Holton-Farkas is a product line of French horns and mouthpieces created through the joint venture of musical instrument manufacturer Frank Holton & Co. and legendary horn virtuoso Philip Farkas. The first model was released in 1958, and although no new models are being made (Farkas died in 1992), the series is still being manufactured today. These professional-grade horns and mouthpieces are regarded as some of the best in the market, and are the most popular for non-professional horn players.

== History ==
The production of the Holton-Farkas was an opportunity for Holton to overhaul its line of French horns with the help of a renowned horn player, Philip Farkas. Farkas and personnel from Holton worked closely together on all aspects of the line. In the business agreement, Farkas agreed to advise, test, and assist in the creation of the horns, and once created, to endorse and market them. In exchange, Holton agreed to furnish these horns for Farkas' personal use and pay him a percentage of the net selling price.

=== Conception ===
The creation of the Holton-Farkas line was a product of chance. In early 1956, Farkas and two executives from Holton, Elliot Kehl and Theodore Kexel, were invited to dinner with Traugott Rohner, who published the magazine The Instrumentalist. Both parties were there for his own reasons: Farkas because he was writing an article, and Kehl and Kexel for discussions on advertising. The idea for a partnership came about over dinner conversation. Farkas recollects:

As we sat around talking, one of them said to me, "You're a horn player, what do you think of the Holton horn?" I replied, undiplomatically, "I think it's one of the worst horns I've ever played." Instead of getting mad, they looked at each other and grinned. "Well," one of them said, "I guess that's the reason why we only sold eight last year." They then asked me to design a horn for them.

Despite the chance nature of this meeting, Farkas had already considered the idea of creating a horn earlier in his life. This being so, he promptly agreed to Holton's proposal.

===1956–58===
The foundational work on the Holton-Farkas line took place from 1956 until the first model (77) was released in 1958.
The Holton-Farkas line was given much attention during this phase by both Farkas and Holton.

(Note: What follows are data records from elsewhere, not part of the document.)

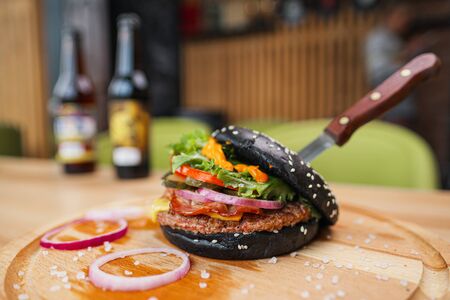 Fast food restaurant. Lots of different burgers and beer bottles on the table at the window restaurant. Party, lunch.の写真素材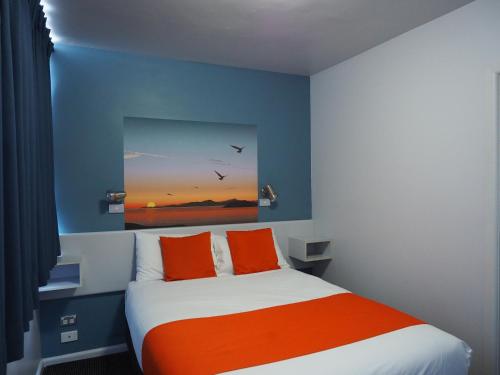 霍巴特海滨洛奇汽车旅馆的一间卧室配有橙色和蓝色墙壁的床
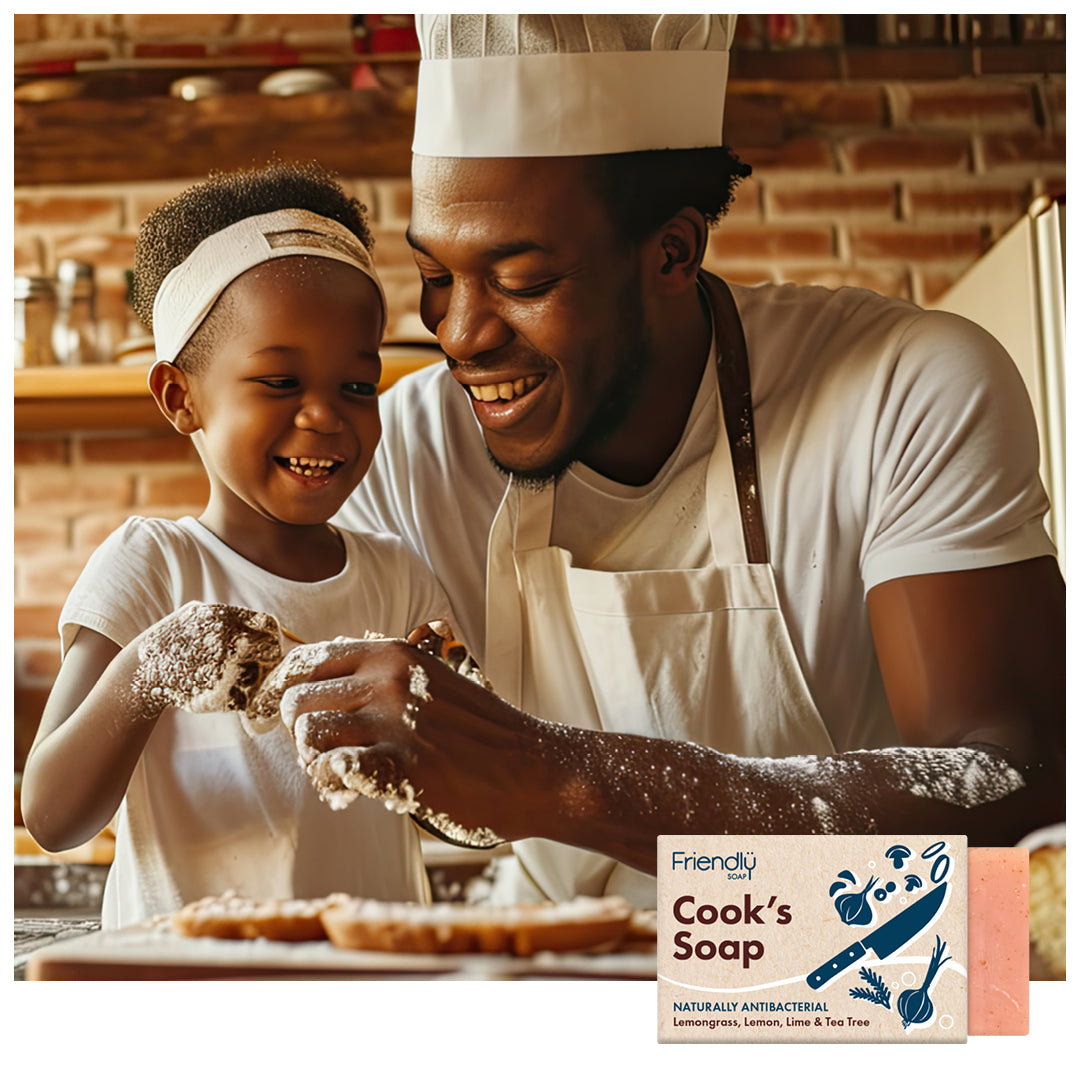 father and daughter enjoying baking together in the kitchen with a friendly soap cook's soap bar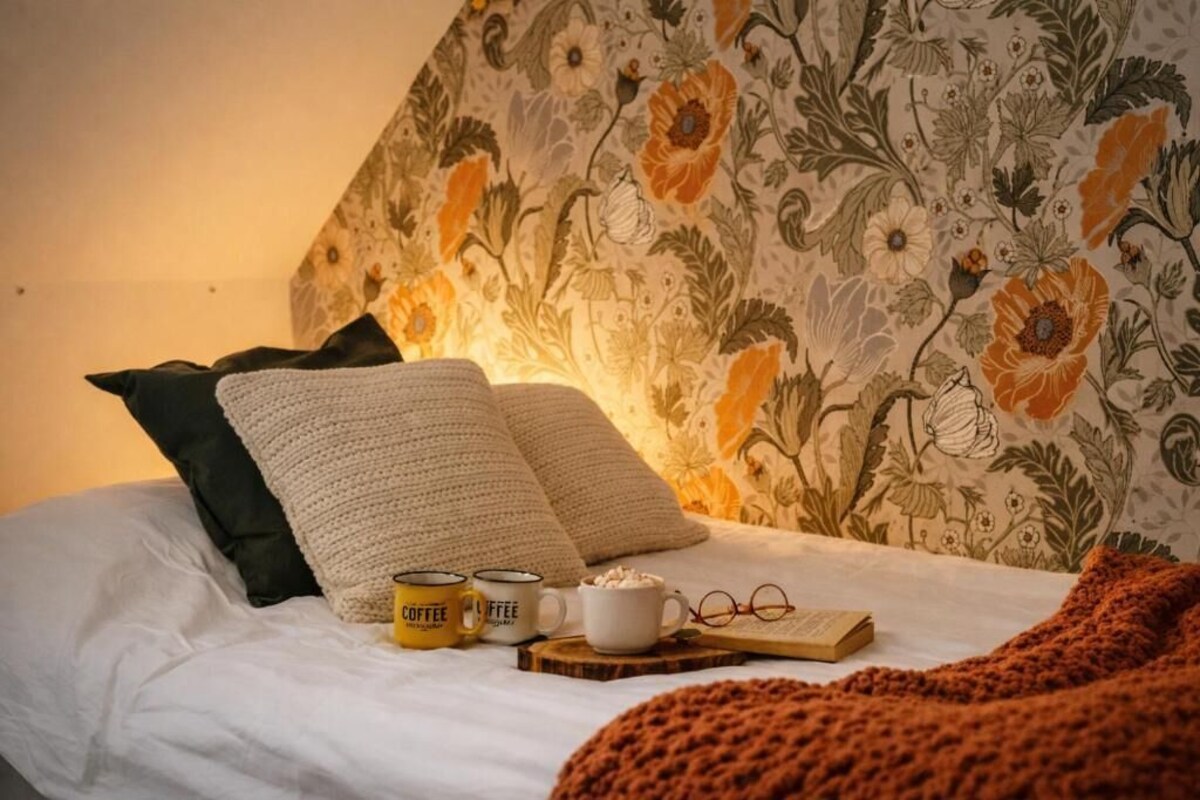 Un llit amb paper pintat floral, dos coixins, dues tasses de cafè, un llibre i una parella de gaussets.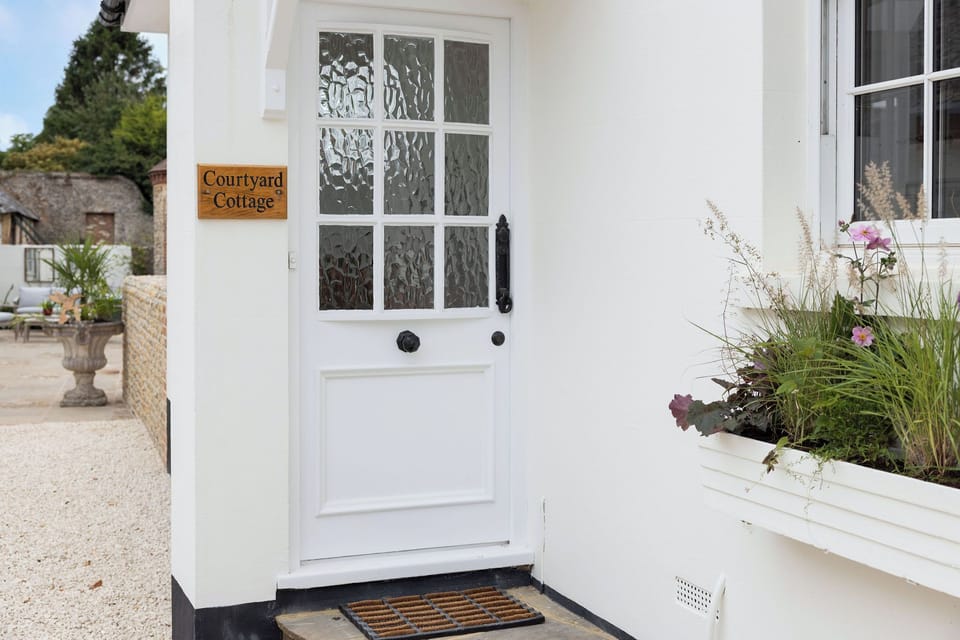 Front door, Courtyard Cottage sign 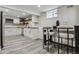 Cozy kitchen features white cabinetry, wood countertop, stainless appliances, bar table and gray wood-look floors at 1498 S Perry St, Denver, CO 80219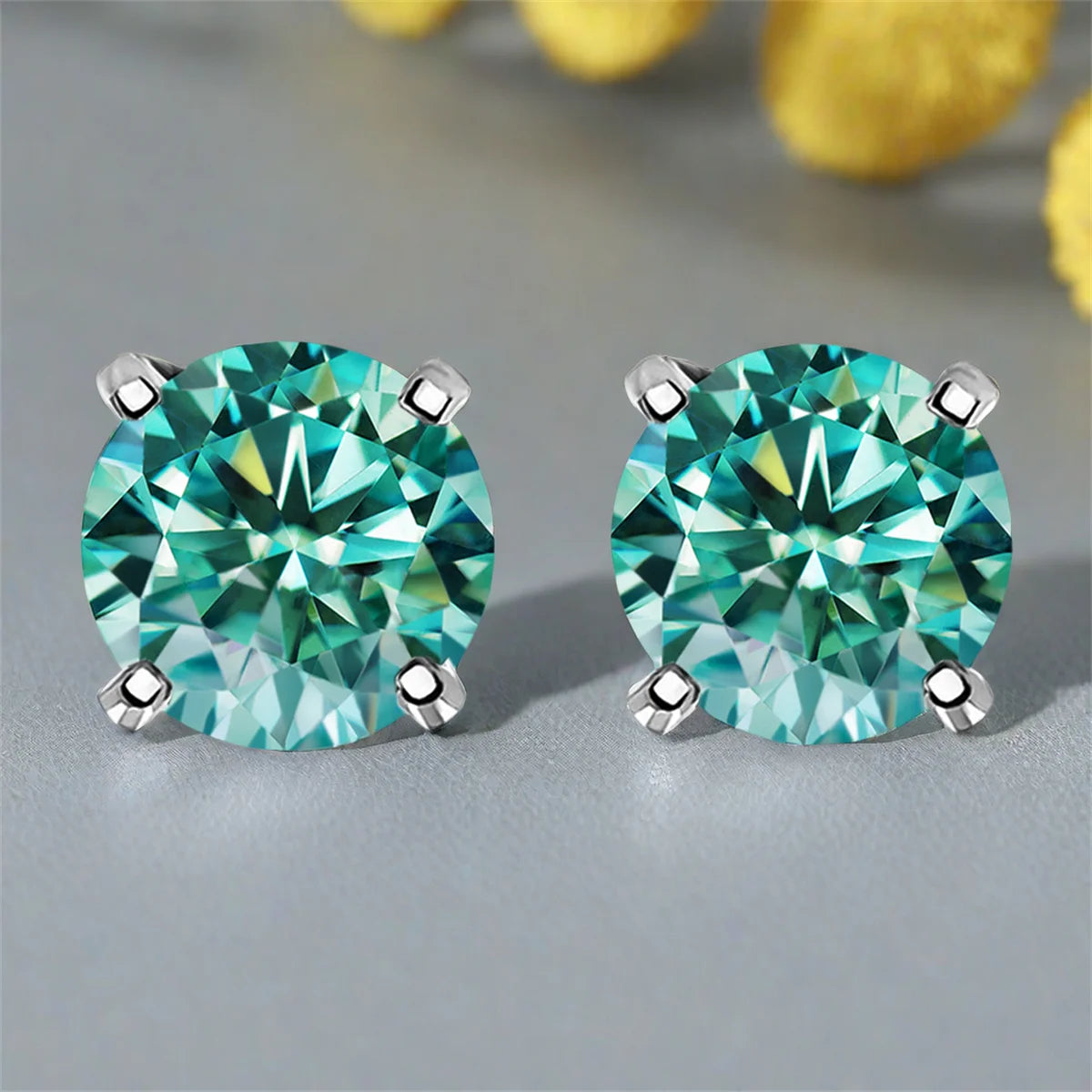 Cyan Round Moissanite Stud Earrings in Sterling Silver — Silver four-prong pair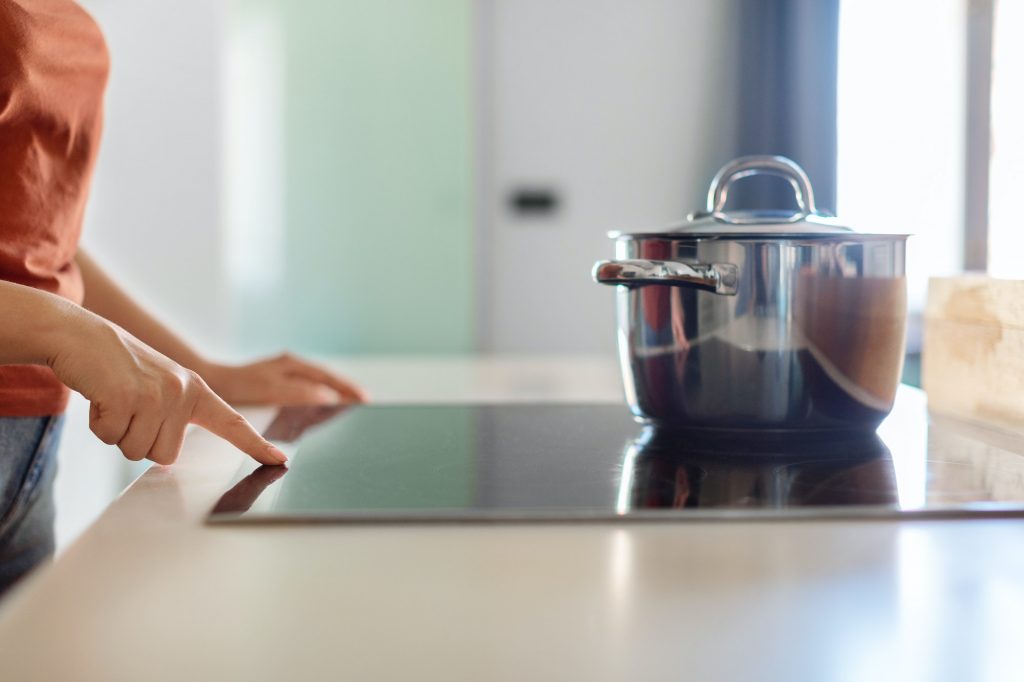 Female hand turning on induction stove with steel cooking pan in kitchen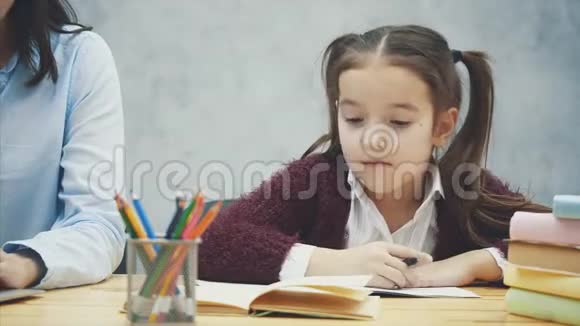 在灰色的背景下关闭母女在这期间一位年轻的母亲在笔记本电脑上工作视频的预览图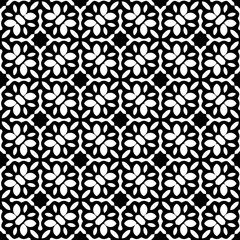 Geometric pattern in ethnic style. Seamless background  with  abstract shapes. Black and white wallpaper. Abstract background  with Repeating pattern for decor, textile and fabric.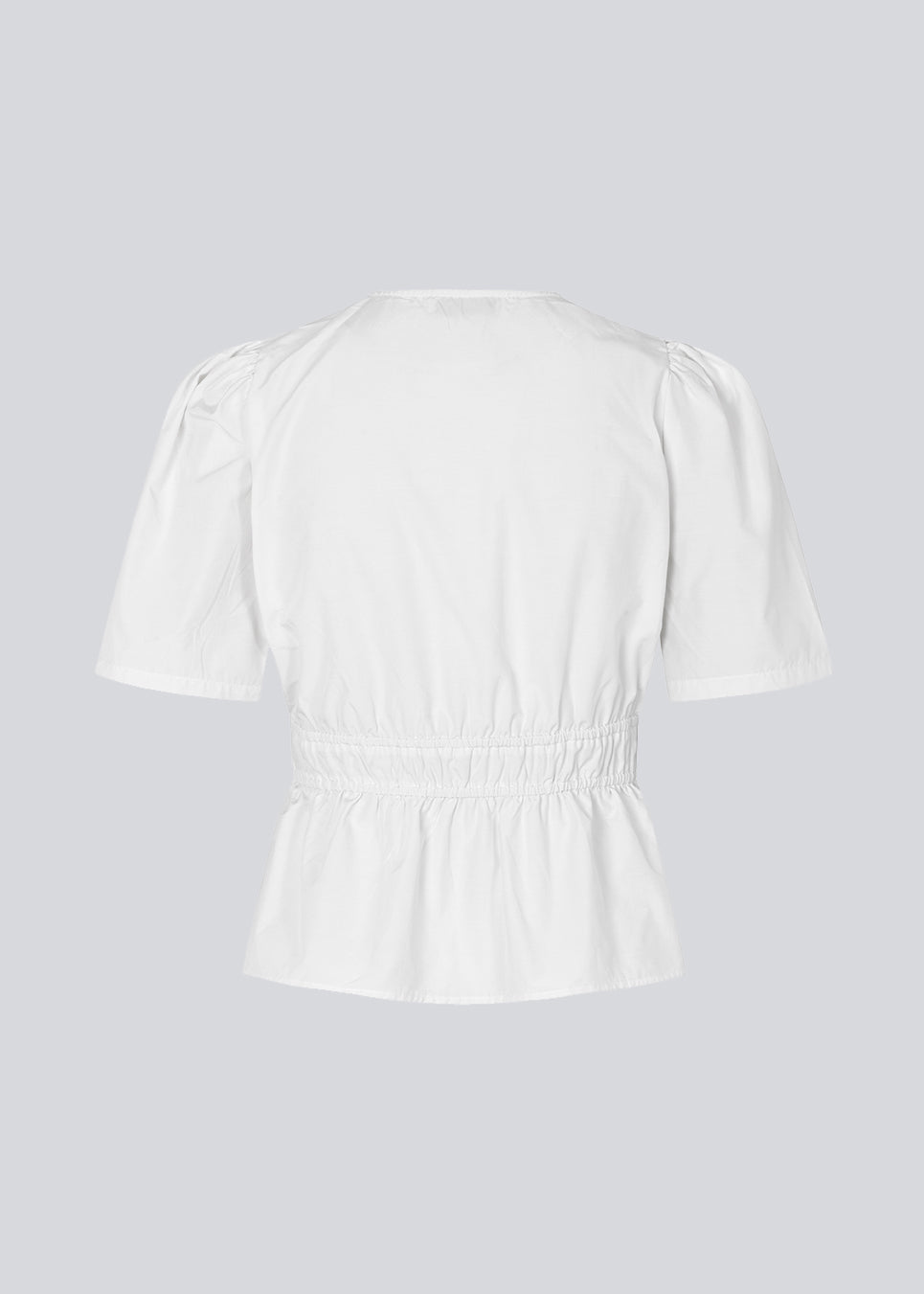 White top made from a cotton mix with short, slightly puffed, sleeves, and a deep v-neckline. DeenMD top has a flattering ruched detail below the chest and at the waist. The model is 177 cm and wears a size S/36.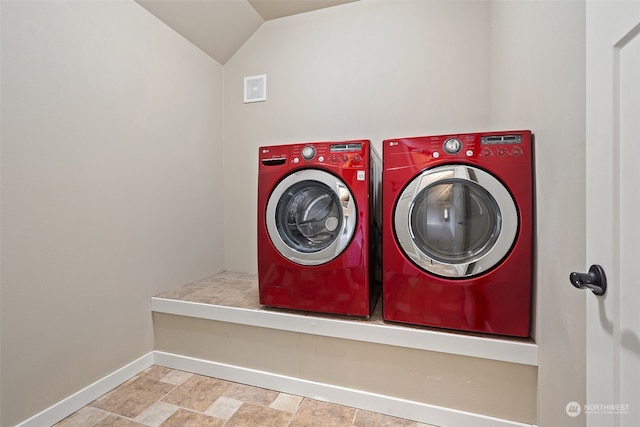 clothes washing area with washing machine and clothes dryer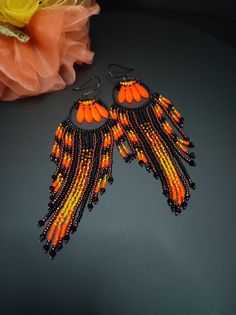 two pairs of orange and black beaded earrings on a table next to a flower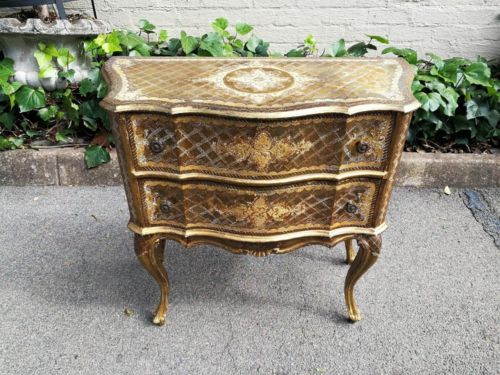 A Gilt-Wood Chest of Drawers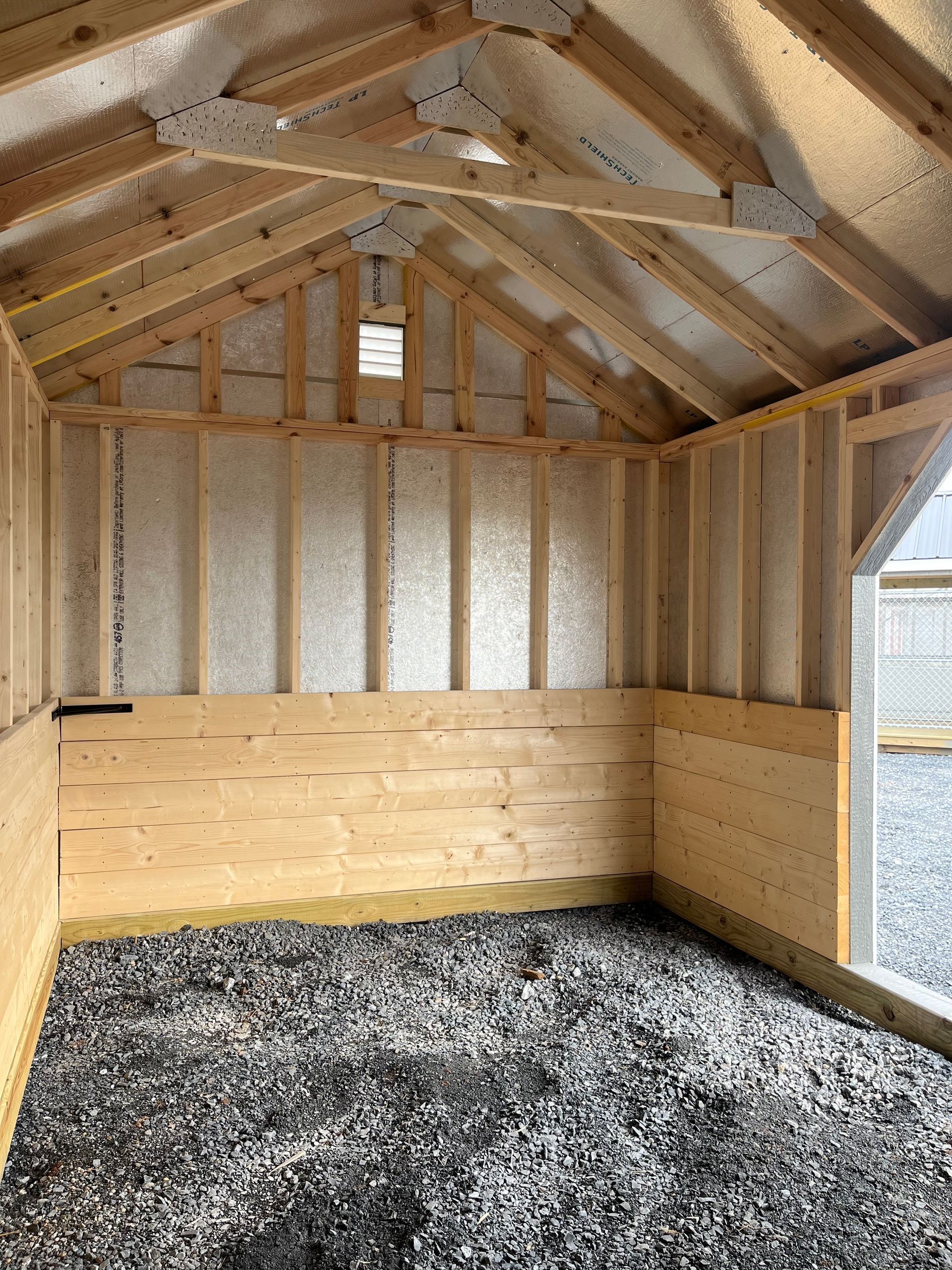 The inside of a wooden shed with gravel on the floor.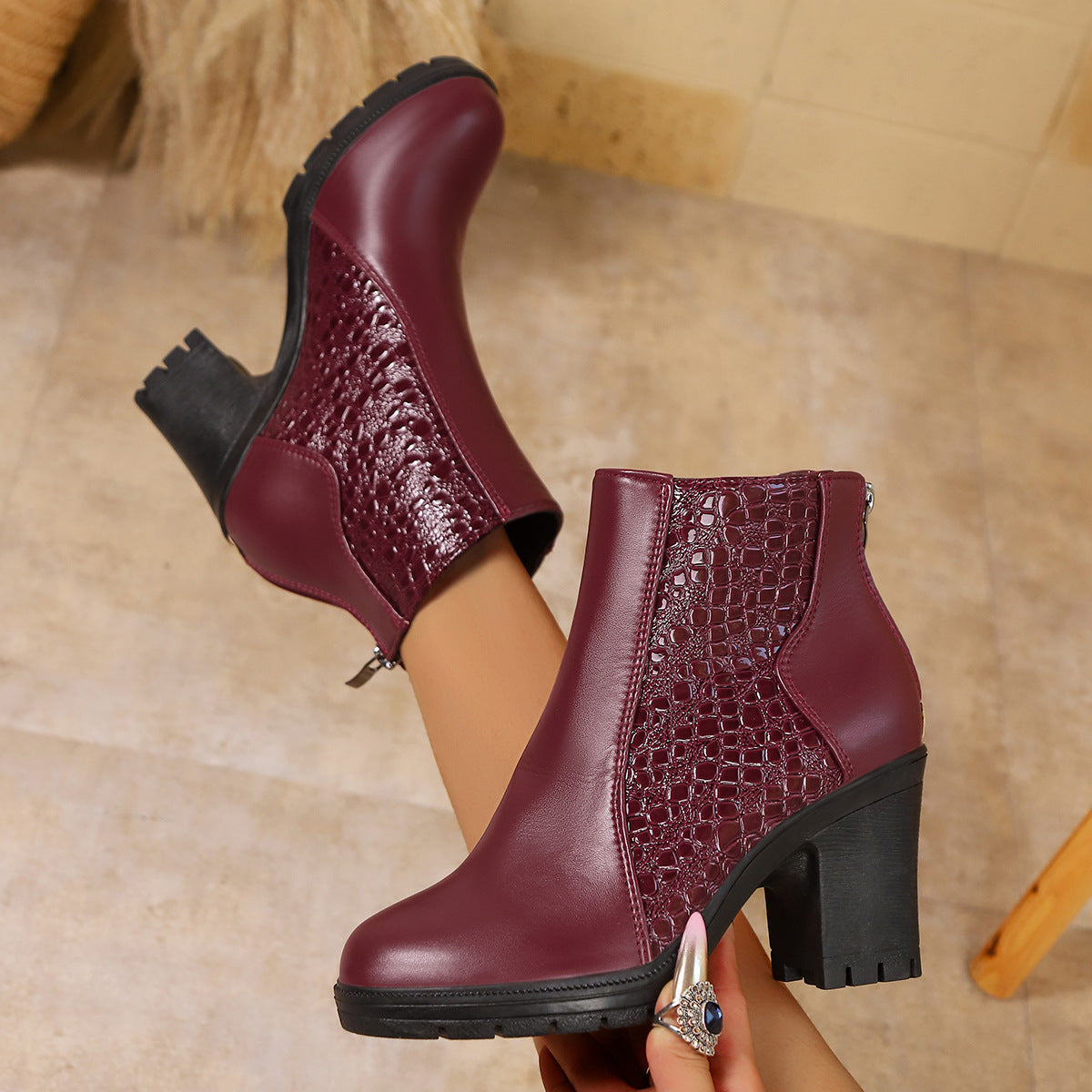 Women's ankle boots with textured panels, high block heels, side zips and lugged soles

Farkas, Arvid Walters (Holton's lead designer), and Elliot Kehl met several times a week to collaborate. Also, Holton produced entirely new tooling in order to consistently produce the quality of horn that Holton and Farkas sought after.
The leaders of this project quickly formed a smooth working relationship. Of the work environment in this early stage, Nancy Fako, the author of a biography on Farkas and one of his former students, said,

Phil impressed everyone with his constant attention to the smallest details and his unflagging search for perfection. Elliot Kehl was the perfect person with whom to collaborate, as he also demanded perfection in all that he undertook. For this reason many people found him difficult to work with, but he and Phil formed a solid, efficient team.

Renold Schilke, another prominent musician and entrepreneur, also aided in the work on the new Holton-Farkas horns in August 1956.

===Post-1958===
Changes in personnel and the project itself took place after the release of the first model.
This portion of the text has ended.